L’histoire de La Belle et le bête tenait à cœur Marie-Antoinette ; Marmontel adapta pour Grétry (compositeur fétiche de la reine) ce conte qui devint l’opéra que l’on redécouvre aujourd’hui. Du grand spectacle prisé par la cour, tous les moyens techniques de l’époque furent utilisés pour un éblouissement total : métamorphoses, déclenchement de tempêtes, apparition de créatures monstrueuses, décors avec changements à vue…
L’intrigue est simple : un brave marchand Perse égaré trouve refuge avec son serviteur et ses trois filles dans un étrange château dont le seigneur des lieux n’est autre qu’une bête repoussante.

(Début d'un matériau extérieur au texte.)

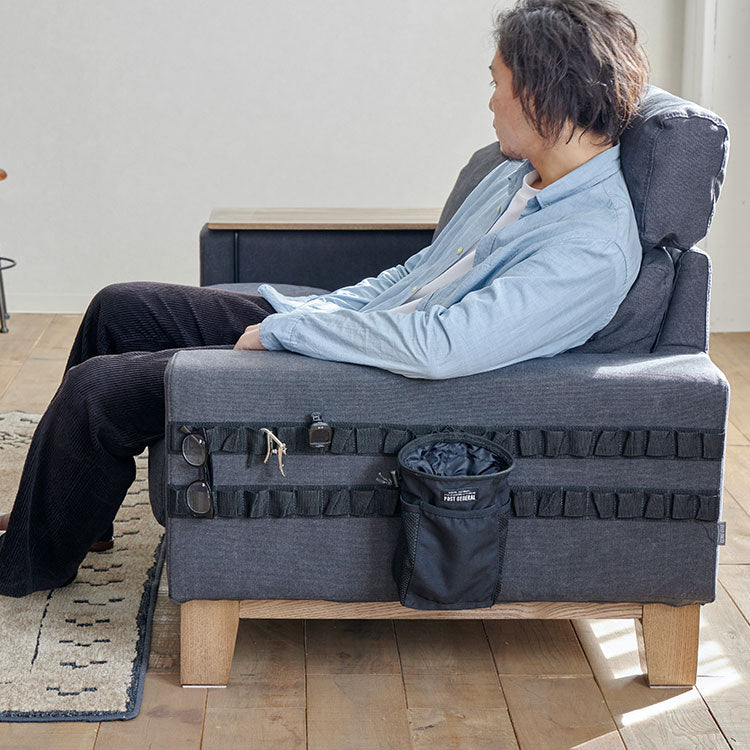 バレットソファ ヘッドレスト 1人/2.5人掛け用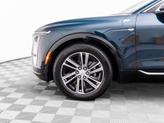 Thumbnail of 2026 Emerald Lake Metallic Cadillac LYRIQ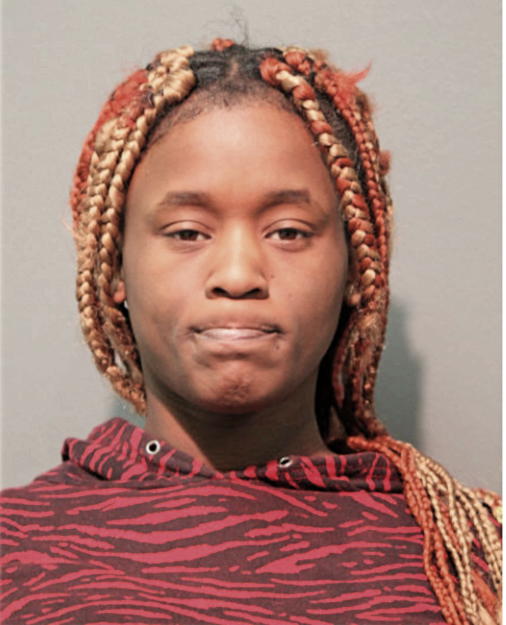 ANIKA HARRIS, Cook County, Illinois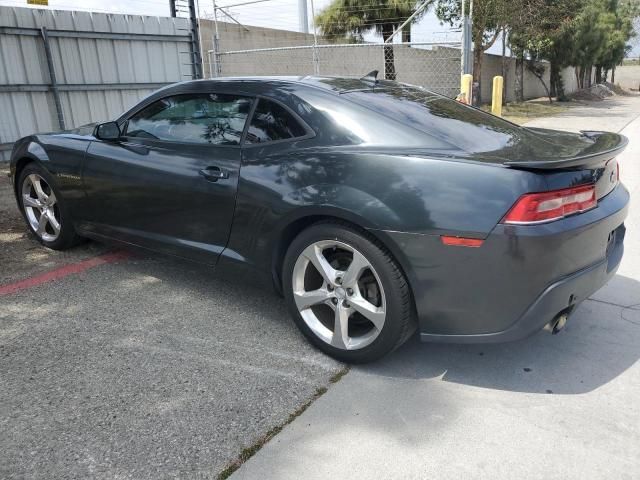 2015 Chevrolet Camaro LT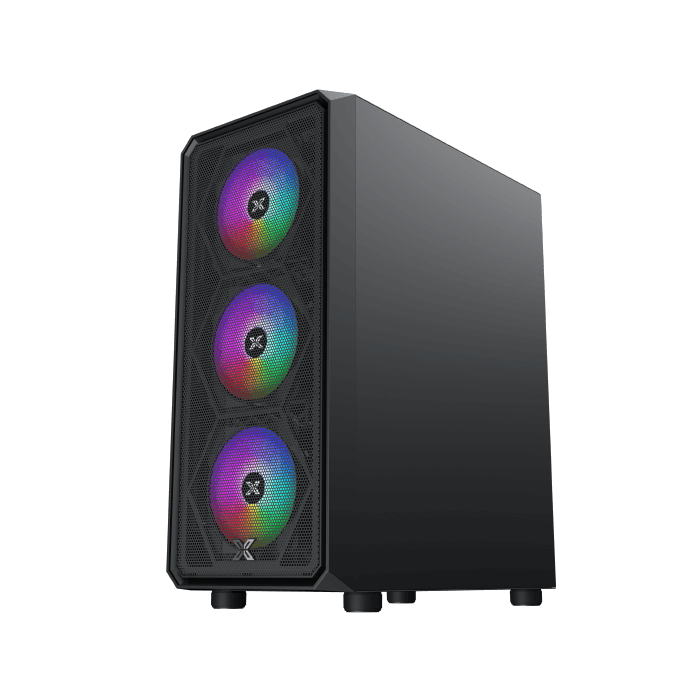 Компьютерный корпус Xigmatek DUO X (EN45134)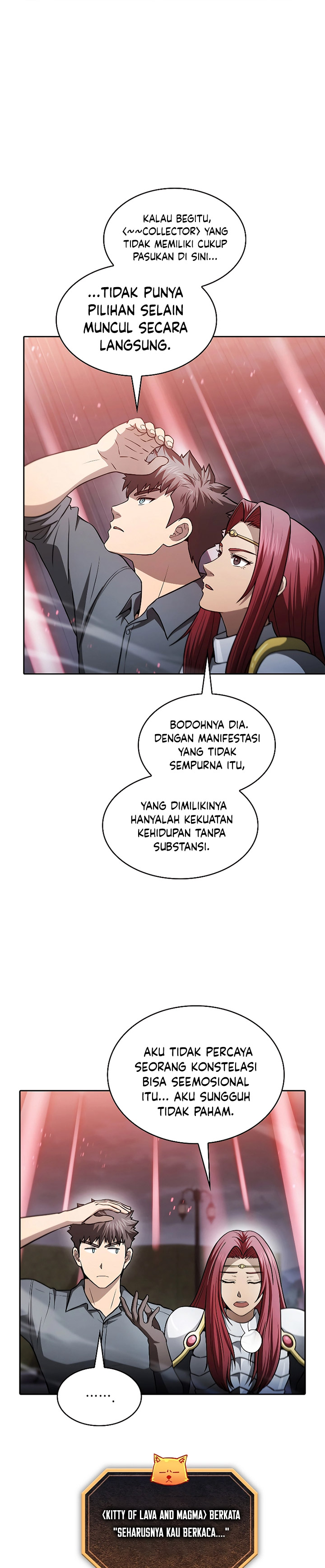 The Constellation that Returned from Hell chapter 155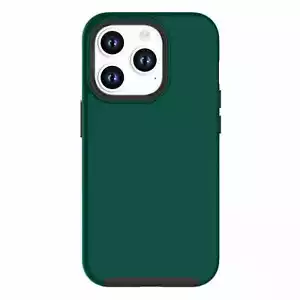 Custodia robusta Blu Element Armour verde per iPhone 15 Pro Max custodie BEA2XIP15PRMG - Foto 1 di 4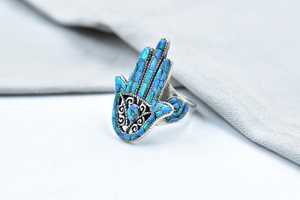 Bague en argent sterling opale aurore faite à la main, taille 11 US, bijoux en pierres précieuses naturelles pour femmes, vente en gros - Product Image 3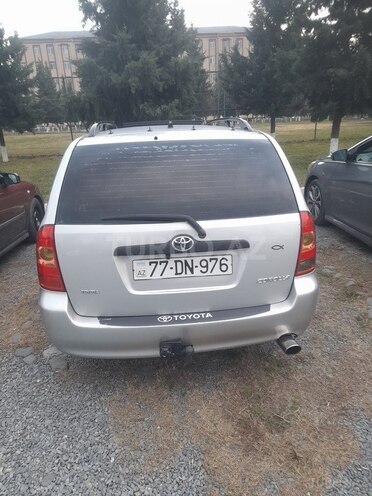 Toyota Corolla-6
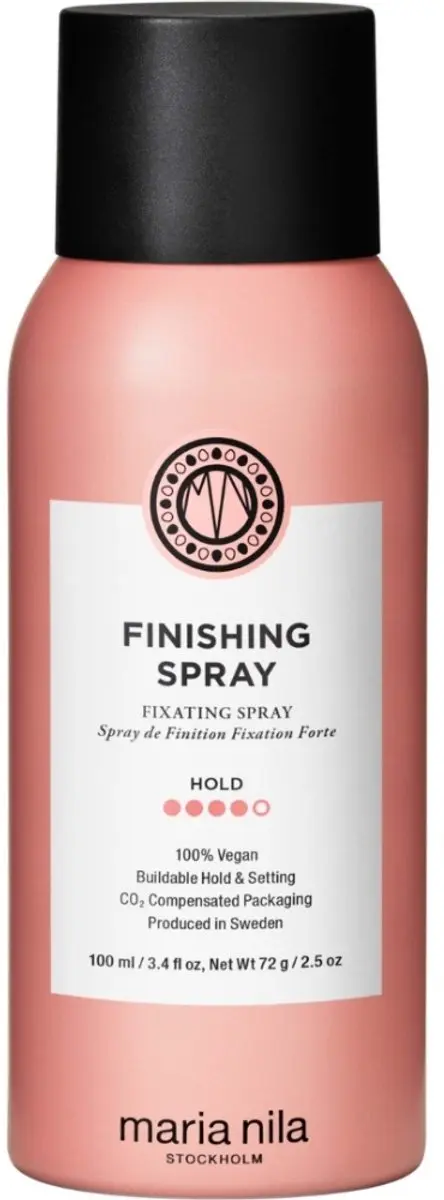 Maria Nila Style & Finish Finishing Spray 100ml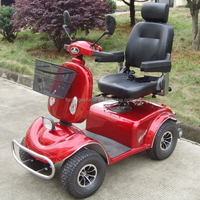 Scooter électrique de style nouveau en design chinois
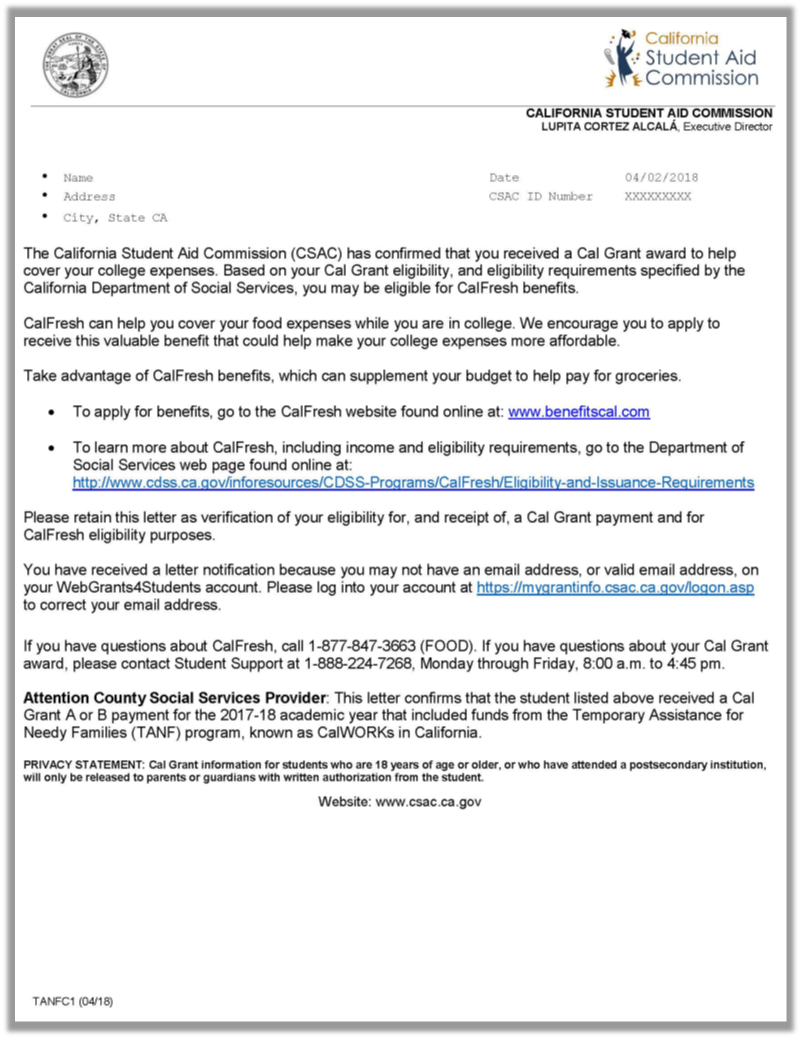 Sar 22 Form Calfresh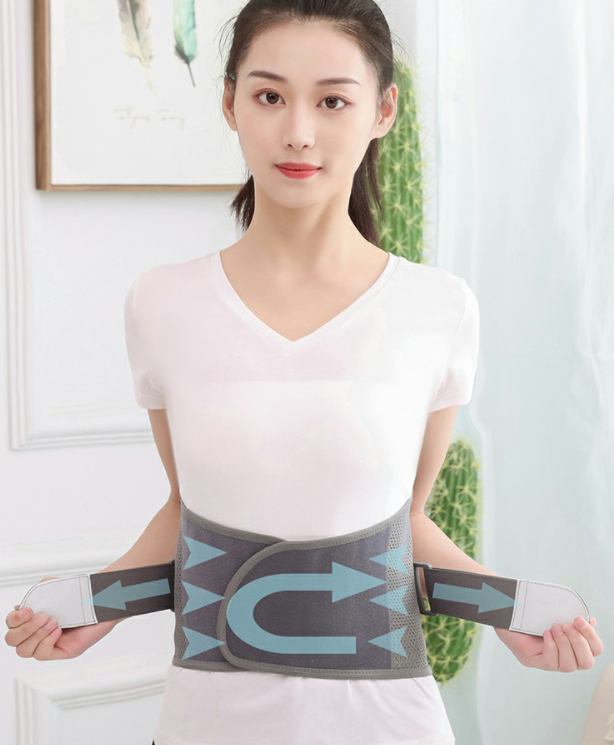 Đai Thắt Lưng Hỗ Trợ Cột Sống Thoáng Khí- Giúp Định Hình Bảo Vệ Cột Sống- Hàng Chính Hãng.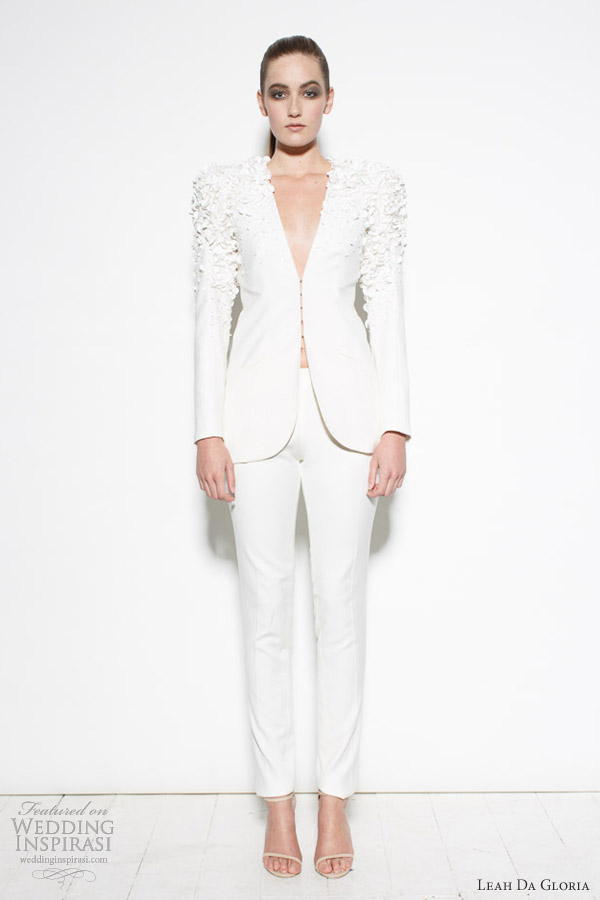 Leah Da Gloria's Fabulous Bridal Collection - Fashion - Women's Wear - Collection - Leah Da Gloria - Wedding Dresses - Wedding Collection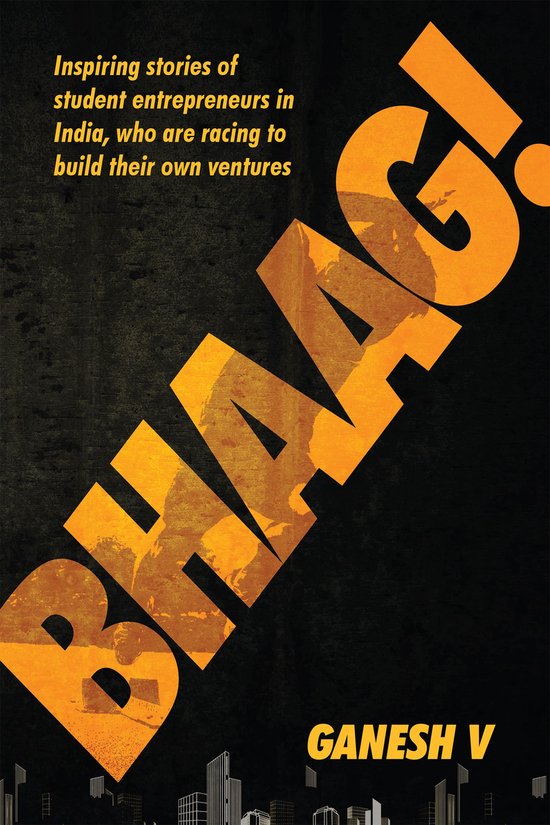 Bhaag! - cover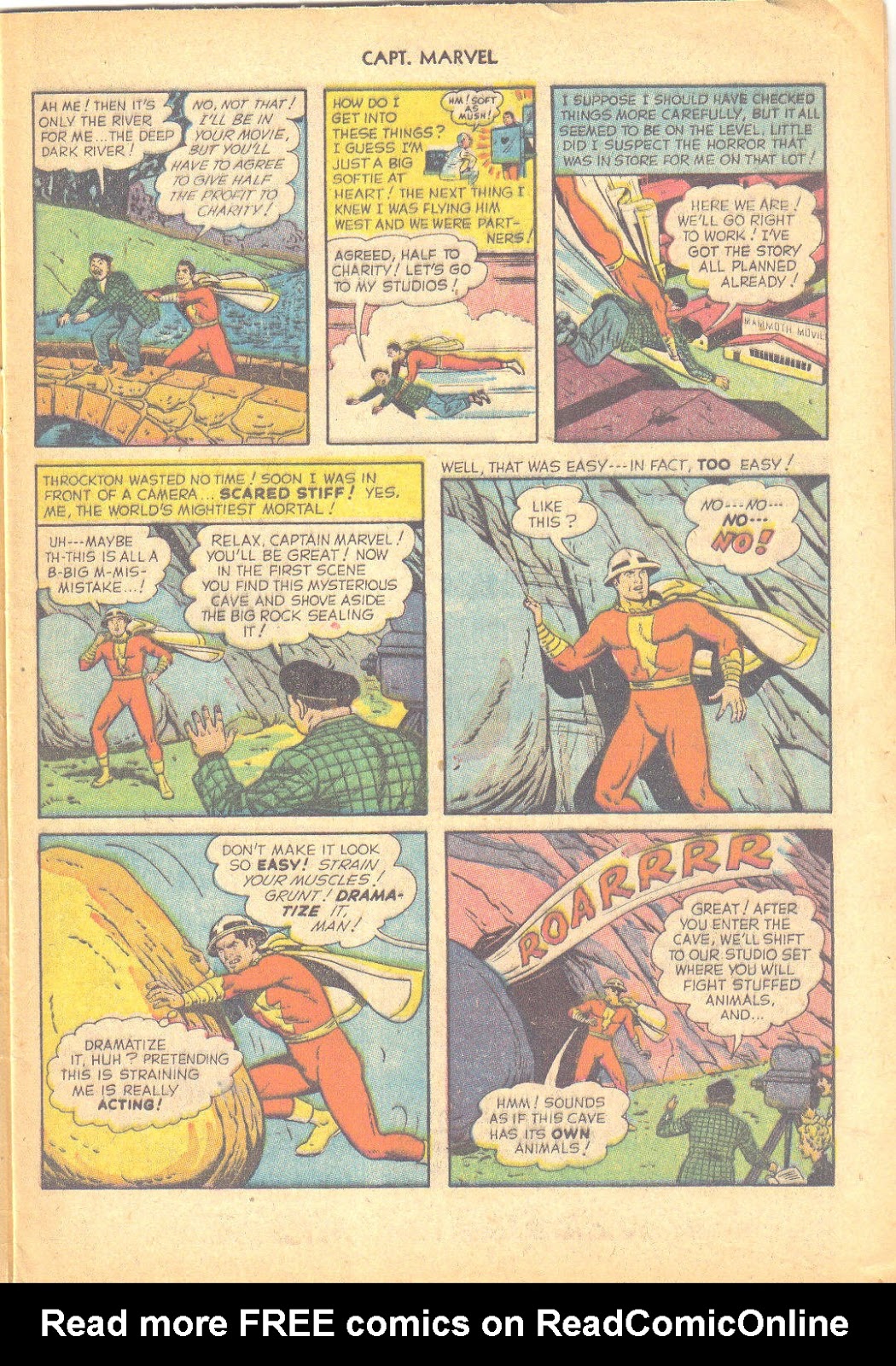 Captain Marvel Adventures issue 143 - Page 5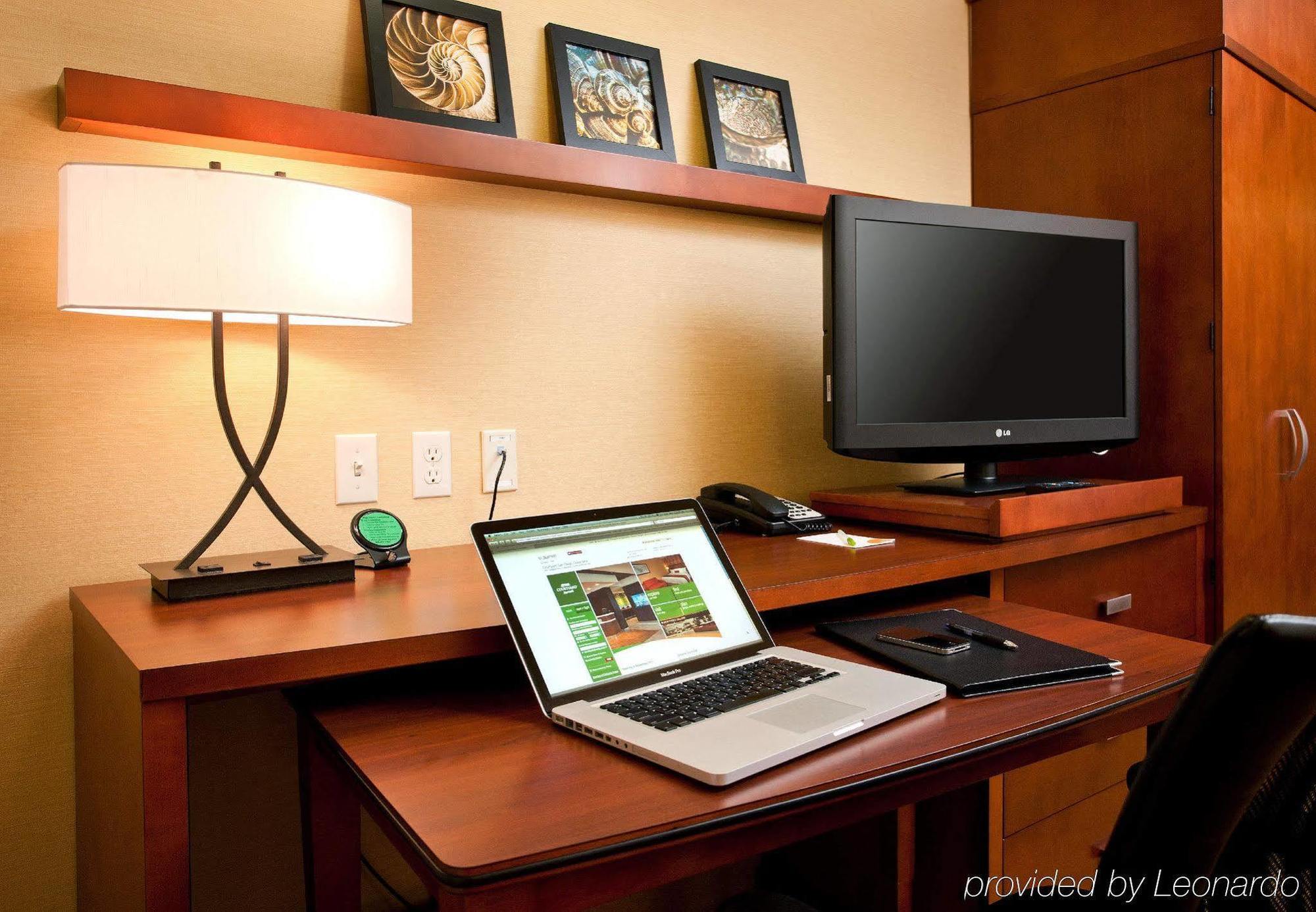 Courtyard By Marriott San Diego Oceanside Fasiliteter bilde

Ce dernier a fait l’objet d’un sort dont il pourra être délivré grâce à…
Vous connaissez certainement la suite, tout se terminera bien comme dans tout bon conte de fées qui se respecte.
Nous avons passé une agréable soirée grâce à un plateau musical de qualité qui réunissait des habitués de la salle Favart : citons tout d’abord Marc Mauillon (Sander), baryton au timbre velouté reconnaissable entre mille, applaudi cette saison dans La Petite boutique des horreurs qui ne cesse de nous étonner par ses choix artistiques variés et souvent inattendus.
Philippe Talbot, ténor, bête affublée d’un costume assez proche de Alien semble assez effrayant dans ce rôle bien éloigné du sémillant Piquillo de La Périchole découvert ici même en 2022. Sahy Ratia, ténor également, nous avait entre autres enchantés dans le rôle-titre de Robert le cochon, déjà espiègle à souhaits !
Michel Fau (Ciboulette, Le Postillon de Lonjumeau) incarne une fée qui descend des cintres et sautille avec deux danseurs acrobatiques, sa cocasserie nous amuse toujours autant spectacles après spectacles. Sa mise en scène est sage, mais l’univers du conte de fées est bel et bien restitué ; les somptueux costumes d’Hubert Barrère (ainsi que ses décors) réalisés avec l’aide de Citronelle Dufay contribuent à activer le phénomène. La jeune et jolie Julie Roset nous charme par sa grâce et son talent de soprano (découverte dans Titon et l’Aurore en 2021). Bien secondée par ses deux sœurs (Margot Genet et Séraphine Cotrez), nous la retrouverons dans les bras d’Azor retrouvant enfin figure humaine.
Nous saluons les jolies lumières de Joël Fabing et bien évidemment la subtile direction musicale de Louis Langrée (et de l’orchestre Les Ambassadeurs – La Grande Écurie) sans qui ce rendez-vous avec la cour n’aurait sans doute pas été aussi plaisant.
La musique de Grétry peut certes sembler un peu monotone et datée, mais il ne faut pas bouder notre plaisir devant une si jolie production.